Cela dit je ne m'en inquiête pas : peu ou prou, nous
fonctionnons tous ainsi ! Moi aussi je me vois "imaginé" par les
autres. Euh... ce n'est pas insignifiant
puisque l'autre me sert à me définir et construire mon
identité ! Chez un psy on parlerait de transfert
et de contre-transfert. Ici cette interaction est
*simplement* [hum...]
multipliée par la diversité...
Généralement le contact réel nous permet de réajuster
régulièrement les personnages imaginaires à la réalité des
individus qui les incarnent. Vous savez comme moi combien on
peut « se faire des films » tant qu'on n'a pas eu
l'occasion de se réajuster. Bon... ça ne marche pas à tous les
coups et parfois on reste malgré tout dans son cinéma intérieur.
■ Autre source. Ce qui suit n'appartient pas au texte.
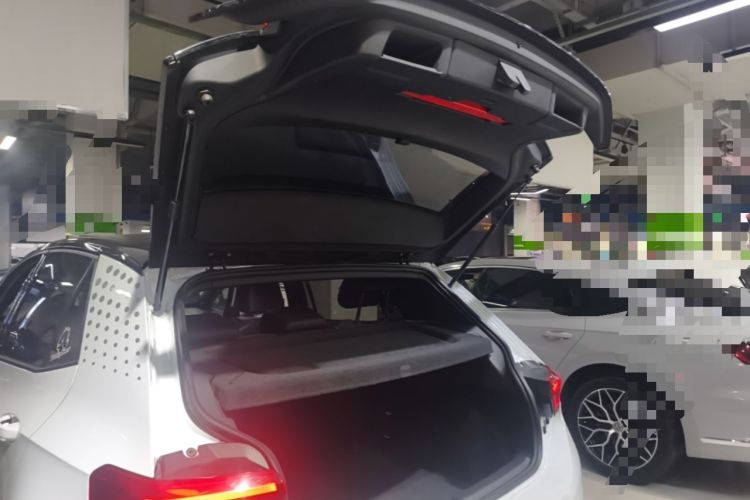 Used Volkswagen ID.3 2023 Pure Smart Edition Trunk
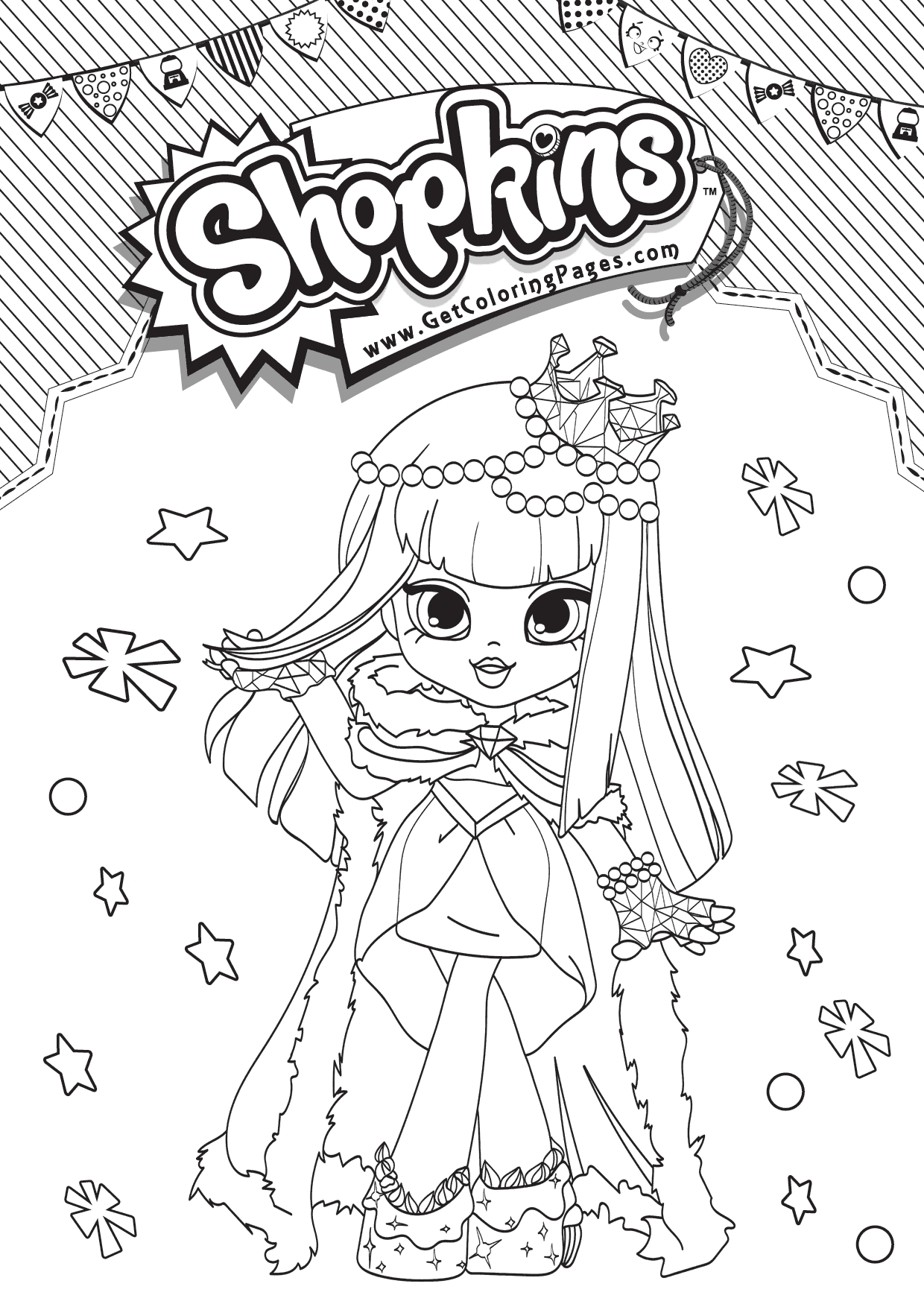 1240x1754 Shopkins Shoppies Coloring Pages Getcoloringpages Gallery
Et peut-être est-ce nécessaire ! Peut-être que cela a une
fonction psychique, allez savoir...
Connaissant ma propension à imaginer la réalité... je cherche le
réel. J'ai besoin de toucher du doigt le concret, m'y
confronter. Là encore je réponds à un guidage
inconscient. Peut-être pour mieux savoir où est
l'imaginaire et dans quelle direction il peut se déployer ?
Peut-être pour pouvoir rêver plus librement ? Peut-être pour
vivre ceux de mes rêves qui sont réalisables ?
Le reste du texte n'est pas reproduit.